Question

The period of $\sin 4x+\cos 4x$ is,
A. $\dfrac{{{\pi }^{4}}}{2}$
B. $\dfrac{{{\pi }^{2}}}{2}$
C. $\dfrac{\pi }{4}$
D. $\dfrac{\pi }{2}$

Answer 1

Hint: Consider $\sin 4x+\cos 4x$ as $f\left( x \right)$ and $\sin 4x$ as $g\left( x \right)$ and $\cos 4x$ as $h\left( x \right)$. So, $f\left( x \right)$ can be represented as $g\left( x \right)+h\left( x \right)$. Now we have to find the periods independently using the formula.

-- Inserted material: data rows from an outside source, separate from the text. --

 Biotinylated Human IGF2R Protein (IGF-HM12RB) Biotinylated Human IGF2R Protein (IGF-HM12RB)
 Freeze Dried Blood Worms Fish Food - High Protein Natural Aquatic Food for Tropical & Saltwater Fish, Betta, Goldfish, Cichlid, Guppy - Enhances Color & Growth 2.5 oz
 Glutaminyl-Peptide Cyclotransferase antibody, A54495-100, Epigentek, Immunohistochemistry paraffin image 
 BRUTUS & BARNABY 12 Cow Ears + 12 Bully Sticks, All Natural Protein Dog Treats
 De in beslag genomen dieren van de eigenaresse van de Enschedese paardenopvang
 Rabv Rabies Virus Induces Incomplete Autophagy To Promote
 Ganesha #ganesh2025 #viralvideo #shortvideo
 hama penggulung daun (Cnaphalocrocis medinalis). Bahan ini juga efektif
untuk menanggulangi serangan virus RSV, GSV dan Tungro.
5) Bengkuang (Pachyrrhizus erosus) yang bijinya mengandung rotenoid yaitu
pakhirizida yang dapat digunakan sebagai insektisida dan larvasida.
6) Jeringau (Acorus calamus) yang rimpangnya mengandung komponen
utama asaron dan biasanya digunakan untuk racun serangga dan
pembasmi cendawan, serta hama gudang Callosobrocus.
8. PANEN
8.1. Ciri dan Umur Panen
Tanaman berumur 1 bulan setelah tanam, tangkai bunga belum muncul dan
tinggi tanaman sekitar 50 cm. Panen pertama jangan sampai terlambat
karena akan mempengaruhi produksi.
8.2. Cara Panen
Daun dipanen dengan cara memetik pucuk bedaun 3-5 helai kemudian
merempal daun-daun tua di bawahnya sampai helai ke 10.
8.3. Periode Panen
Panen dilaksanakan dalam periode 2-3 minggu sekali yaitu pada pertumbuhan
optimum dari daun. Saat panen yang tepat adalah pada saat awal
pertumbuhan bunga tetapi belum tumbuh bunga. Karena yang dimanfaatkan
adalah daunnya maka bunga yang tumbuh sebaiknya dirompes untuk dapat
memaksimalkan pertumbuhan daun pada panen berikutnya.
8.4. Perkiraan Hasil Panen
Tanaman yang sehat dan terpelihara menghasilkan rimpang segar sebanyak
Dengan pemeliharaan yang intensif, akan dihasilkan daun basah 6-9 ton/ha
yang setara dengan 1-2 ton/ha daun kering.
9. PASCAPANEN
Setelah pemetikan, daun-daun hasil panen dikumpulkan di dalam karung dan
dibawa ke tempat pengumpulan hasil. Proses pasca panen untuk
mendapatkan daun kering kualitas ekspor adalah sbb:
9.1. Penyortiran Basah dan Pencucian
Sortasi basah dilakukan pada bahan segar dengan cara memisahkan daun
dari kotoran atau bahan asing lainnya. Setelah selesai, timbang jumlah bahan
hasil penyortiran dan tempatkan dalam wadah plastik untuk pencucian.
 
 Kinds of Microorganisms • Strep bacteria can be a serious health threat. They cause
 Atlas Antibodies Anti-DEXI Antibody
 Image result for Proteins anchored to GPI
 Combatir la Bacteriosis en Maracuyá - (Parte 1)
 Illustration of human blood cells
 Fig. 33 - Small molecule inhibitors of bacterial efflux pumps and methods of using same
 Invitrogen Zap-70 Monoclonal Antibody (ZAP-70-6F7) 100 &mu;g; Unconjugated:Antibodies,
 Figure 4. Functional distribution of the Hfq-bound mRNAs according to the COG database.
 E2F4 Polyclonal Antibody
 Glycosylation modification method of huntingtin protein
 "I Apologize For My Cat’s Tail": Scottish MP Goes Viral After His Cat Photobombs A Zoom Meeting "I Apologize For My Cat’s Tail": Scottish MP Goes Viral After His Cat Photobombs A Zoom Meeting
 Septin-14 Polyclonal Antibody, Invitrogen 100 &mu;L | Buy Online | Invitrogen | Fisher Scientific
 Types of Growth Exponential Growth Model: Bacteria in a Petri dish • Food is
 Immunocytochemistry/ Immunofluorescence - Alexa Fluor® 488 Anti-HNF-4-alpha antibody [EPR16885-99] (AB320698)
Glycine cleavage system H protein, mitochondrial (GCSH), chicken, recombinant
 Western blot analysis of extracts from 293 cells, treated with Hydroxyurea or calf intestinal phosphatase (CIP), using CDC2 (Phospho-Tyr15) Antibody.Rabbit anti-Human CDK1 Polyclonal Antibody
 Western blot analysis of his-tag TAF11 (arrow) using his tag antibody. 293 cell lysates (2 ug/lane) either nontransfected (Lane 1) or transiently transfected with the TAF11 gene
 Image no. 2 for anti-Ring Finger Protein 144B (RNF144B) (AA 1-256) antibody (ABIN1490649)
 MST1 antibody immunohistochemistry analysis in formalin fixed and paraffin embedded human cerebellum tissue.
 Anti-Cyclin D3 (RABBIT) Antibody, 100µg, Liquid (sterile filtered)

If the function is \[\sin kx\], then its period will be $\dfrac{2\pi }{k}$. Similarly, if the function is $\cos kx$, then its period will be $\dfrac{2\pi }{k}$. After finding out the periods of both separately, take their LCM to get the answer.

Complete step-by-step solution -
We have been given a function, $\sin 4x+\cos 4x$ and we have to find its period. Let us consider $\sin 4x+\cos 4x$ as $f\left( x \right)$ which is the sum of two functions $g\left( x \right)$ and $h\left( x \right)$ which represent $\sin 4x$ and \[\cos 4x\] respectively. So, it can be written as,
$f\left( x \right)=g\left( x \right)+h\left( x \right)$
Now, we will find the period of $g\left( x \right)$ which is equal to $\sin 4x$. Using the formula, if the function is in the form of $\sin \left( kx \right)$, where $k$ is the constant, then its period will be $\dfrac{2\pi }{k}$. So, the period of $g\left( x \right)$ will be $\dfrac{2\pi }{4}$ which is $\dfrac{\pi }{2}$. Now we will check the periodicity by using,
$\begin{align}
  & g\left( x+\dfrac{\pi }{2} \right) \\
 & =\sin 4\left( x+\dfrac{\pi }{2} \right) \\
\end{align}$
By simplifying, we get,
$=\sin \left( 4x+2\pi \right)$
By using the identity, $\sin \left( 2\pi +\theta \right)=\sin \theta $, we get,
$\sin \left( 4x+2\pi \right)=\sin 4x$, which is $g\left( x \right)$. So,
$g\left( x+\dfrac{\pi }{2} \right)=g\left( x \right)$
Hence its period is $\dfrac{\pi }{2}$.
Now we will find the periodicity of $h\left( x \right)$ which is equal to $\cos 4x$. Using the formula, if the function is in the form of $\cos kx$, then its period will be $\dfrac{2\pi }{k}$. So, its period will be $\dfrac{2\pi }{4}$ which is $\dfrac{\pi }{4}$. Now we will check its periodicity. So,
$\begin{align}
  & h\left( x+\dfrac{\pi }{2} \right)=\cos 4\left( x+\dfrac{\pi }{2} \right) \\
 & =\cos \left( 4x+2\pi \right) \\
\end{align}$
Now, by using the identity, $\cos \left( 2\pi +\theta \right)=\cos \theta $, we get,
$\cos \left( 2\pi +4x \right)=\cos 4x$, which is $h\left( x \right)$. So,
$h\left( x+\dfrac{\pi }{2} \right)=h\left( x \right)$
Hence its period is $\dfrac{\pi }{2}$.
The periods for both the functions, $g\left( x \right)$ and $h\left( x \right)$ is $\dfrac{\pi }{2}$, so the LCM of both the functions is $\dfrac{\pi }{2}$.
Therefore, the correct option is D.

Note: You should be careful while finding out the periods of the functions, $g\left( x \right)$ and $h\left( x \right)$ separately as these are the places where the students tend to make mistakes. The calculations should also be done properly to avoid any mistakes.